2つ以上の法人が一つの法人に統合されたり(合併)、ある法人が他の法人を買い子会社化すること(買収)を言います。

M&Aの種類としては、「資本提携」「合併」「買収」の3つとなります。以前のM&Aのイメージは、会社が乗っ取られるという、ネガティブなイメージが強かったですが、最近では企業の成長戦略や事業承継の選択肢として認知されてきていおります。

2.譲受企業側のM&Aの目的

譲受側のM&Aの目的としては、事業の拡大、人材の確保、新規事業リスクの軽減など、資本を活用し外的リソースを獲得することで事業運営を強固なものにすることを目的やメリットとされています。

多角化への対応

事業の多角化とは、主事業のみでの成長の限界や事業のリスクヘッジを理由に複数の事業運営を行うことを言います。

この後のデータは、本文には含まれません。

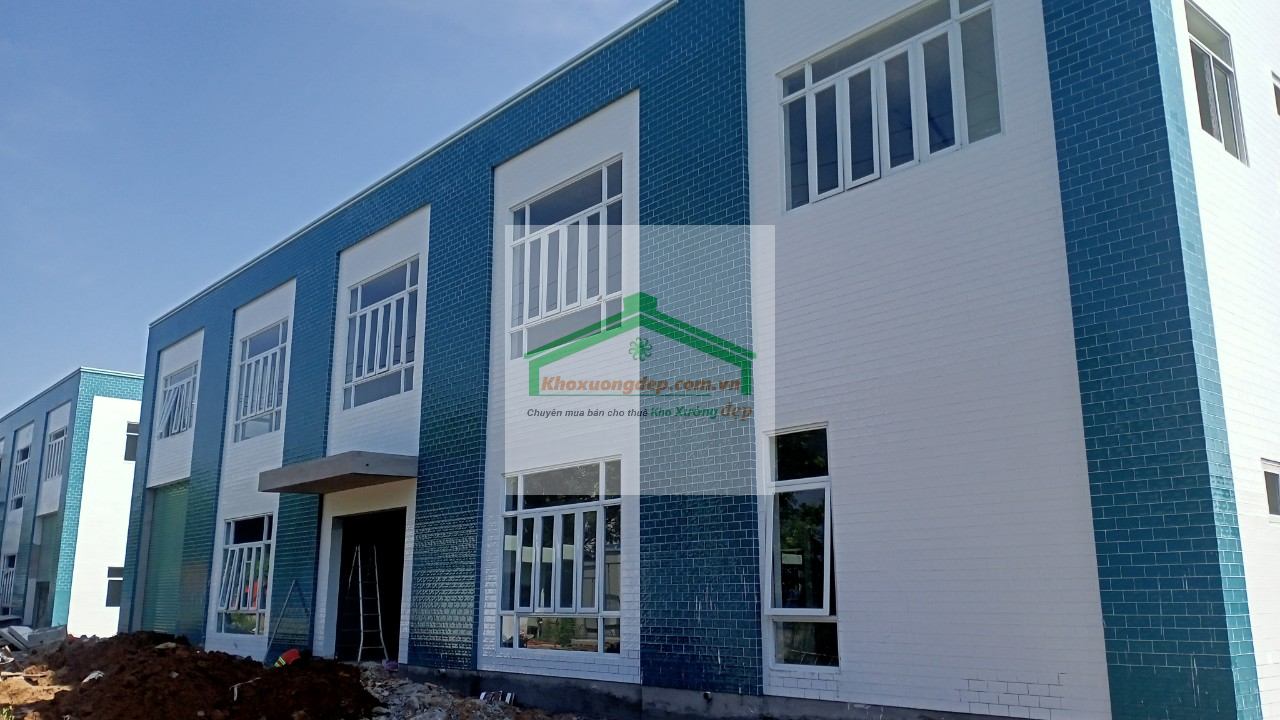 Bán nhà xưởng 8890m2 KCN Đức Hòa, Long An giá tốt nhất khu vực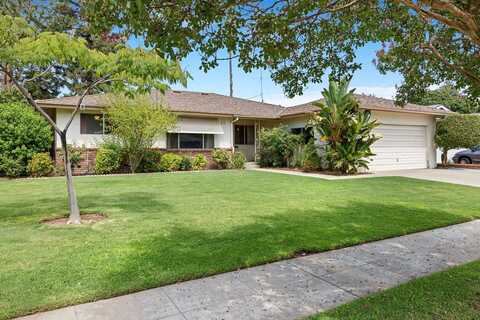 738 Fremont Avenue E, Fresno, CA 93710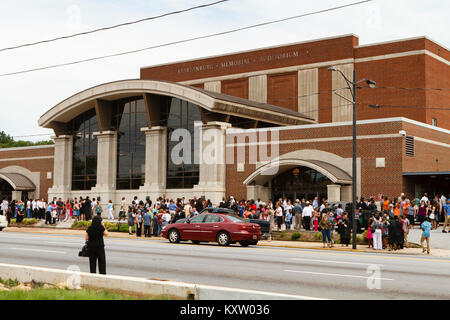 Les gens se rassemblent à l'extérieur de l'Spartanburg Memorial Auditorium le long de la rue de l'Église N. après l Spartanburg Community College (CCN) printemps l'obtention du diplôme Banque D'Images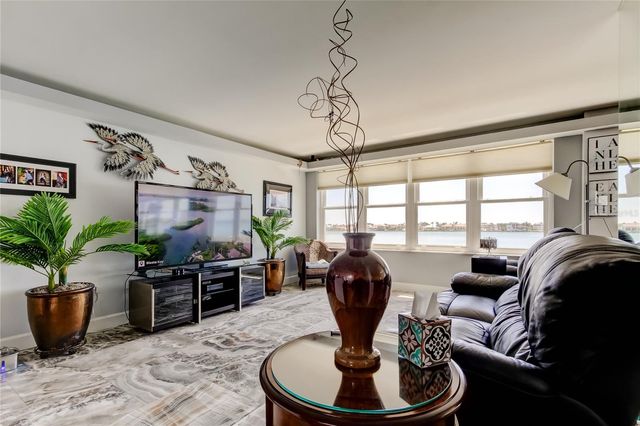 5200 BRITTANY DRIVE S 204, St Petersburg, FL 33715
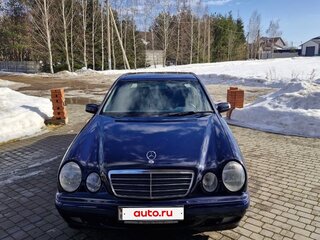 2000 Mercedes-Benz E-Класс 220 II (W210, S210) Рестайлинг, синий, 1050000 рублей, вид 1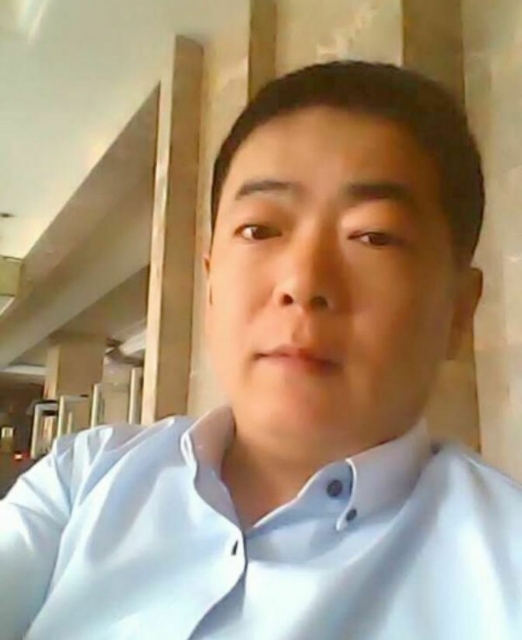 落叶随风的第一张照片--泰州相亲服务中心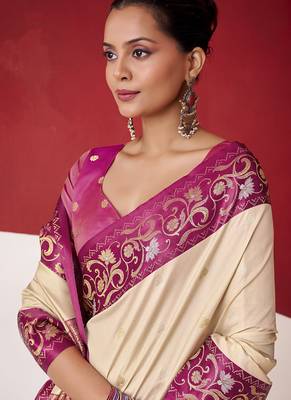 beige soft silk blend with rich woven borders sarees 3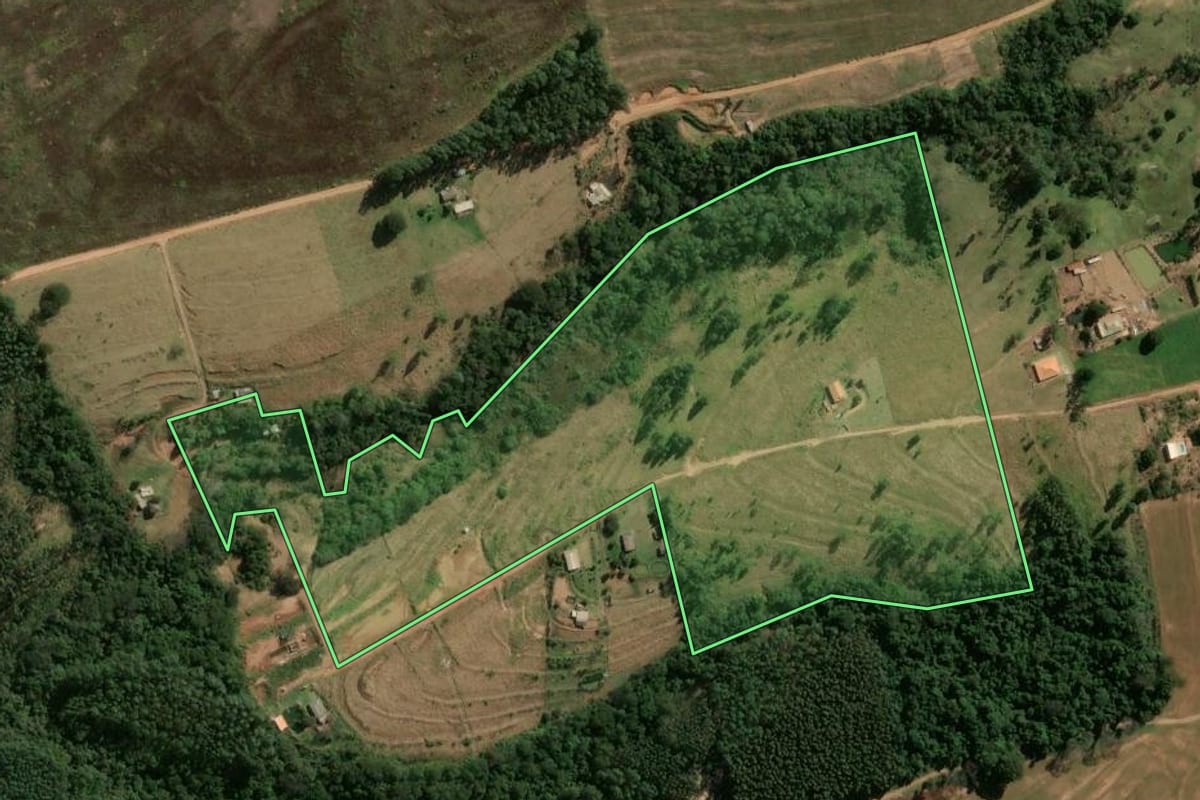 Imagem de satélite do imóvel rural em Araruna (PR), com o contorno declarado no CAR desenhado por cima.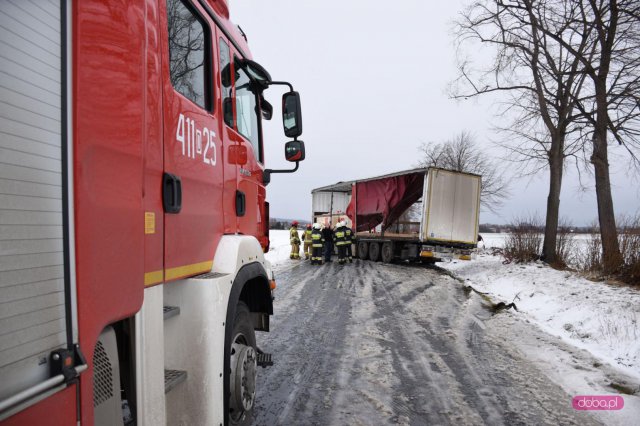 Ciężarówka blokowała drogę Pieszyce - Piskorzów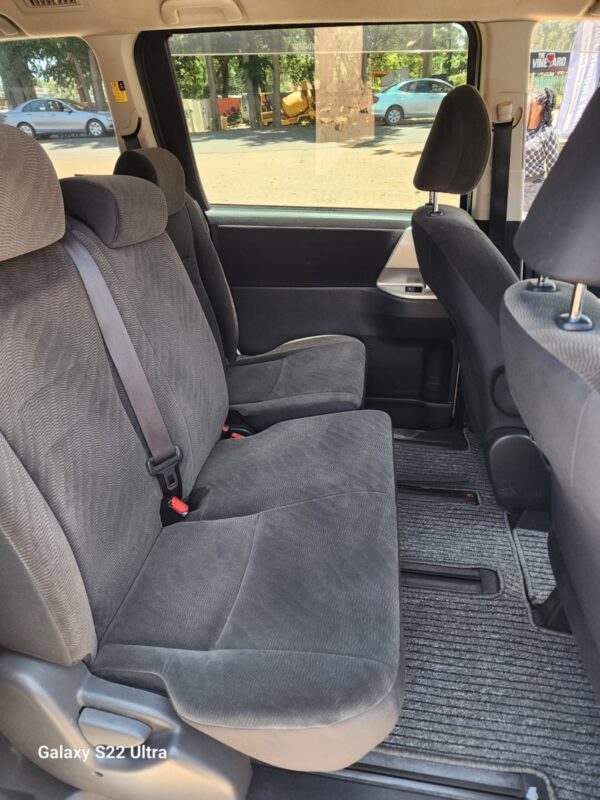2013 Toyota Noah 2000CC Petrol - Image 7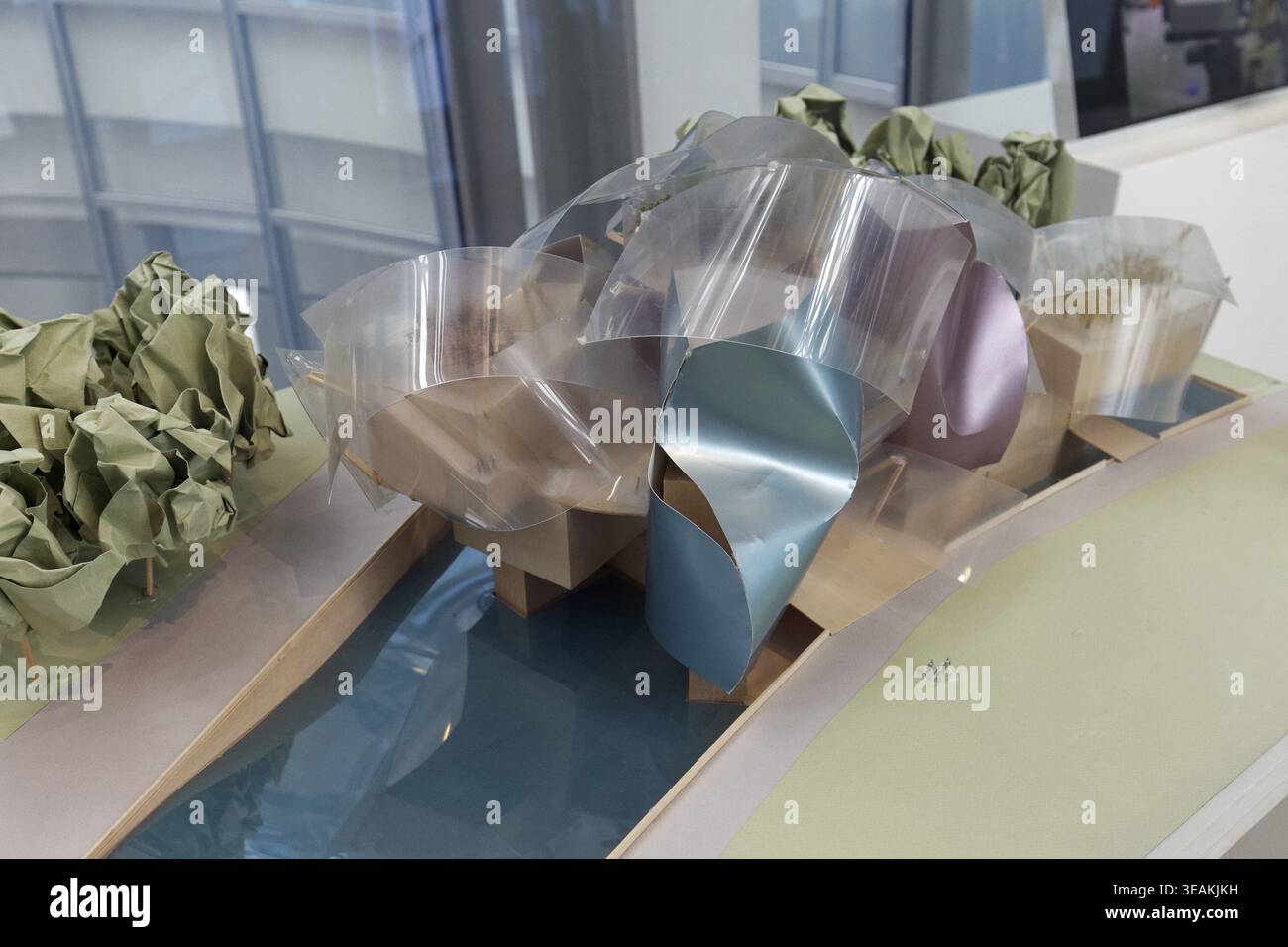 Fondation Louis Vuitton, le Vaisseau de verre, nave di vetro, modello architettonico in strisce di plastica di Frank Gehry, Bois de Boulogne, Parigi, Francia Foto Stock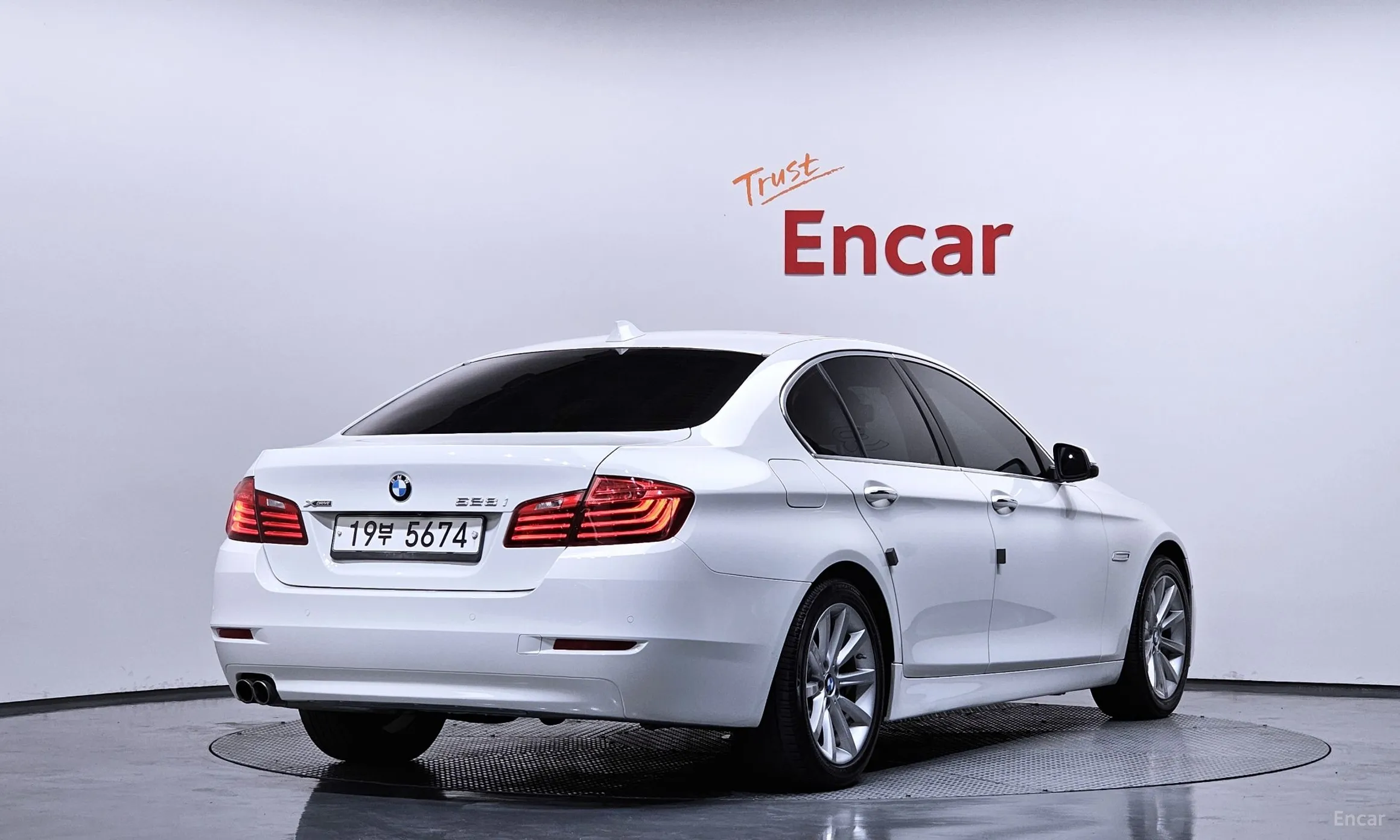 BMW 5 Series (F10) превью 2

しかし、事業の多角化は新規参入事業であることから、設備投資や用地取得、人材やノウハウ確保など多くの資金と手間がかかります。そこでM&Aを活用することにより、すでにその事業のリソースを保有する会社を買収することにより、資金と手間を軽減じ事業の多角化を図ることができます。

技術・ノウハウの獲得

譲受企業は、M&Aを活用することで譲渡企業が保有する技術やノウハウを獲得することができます。獲得した技術を活用し新製品の開発や新な市場開発など事業強化や拡大が見込めます。

通常、事業の多角化や新な技術の獲得には資金と時間を要しますが、M&Aによって資金や時間コストを軽減できることがメリットとして挙げられます。

人材の確保

慢性的に人材確保が難しい資格者や専門知識やノウハウを持つ人材などの特殊人材の確保や工場や工事など手数が必要となる人材の確保など、M&Aは譲渡企業が保有する人材リソースの獲得が可能です。

これらの人材の育成で幹部人員の補充や後継者候補の発見につながることもあります。M&Aは事業拡大に欠かせない人材確保の手法としても有効です。

海外への進出

日本の人口減少・高齢化など業界によっては市場が縮小傾向にあり、新な市場を求めて海外市場への進出を目指す企業が増加しています。また、国内の人件費の高騰を理由に海外で生産拠点を持つ企業もあります。

しかし、海外市場は、市場の特性や製造販売規制など日本とは異なる商習慣や法律の対応が必要となる為、現地の市場や法律の知識を有する海外企業をM&Aで買収する会社も増えております。

成長スピードの上昇

1社の限られたリソースで、事業を成長させるには一定の時間を要します。M&Aにより新しい技術・ノウハウ・人材など新たなリソースを獲得することにより、事業強化を図り成長スピードを向上させることが可能です。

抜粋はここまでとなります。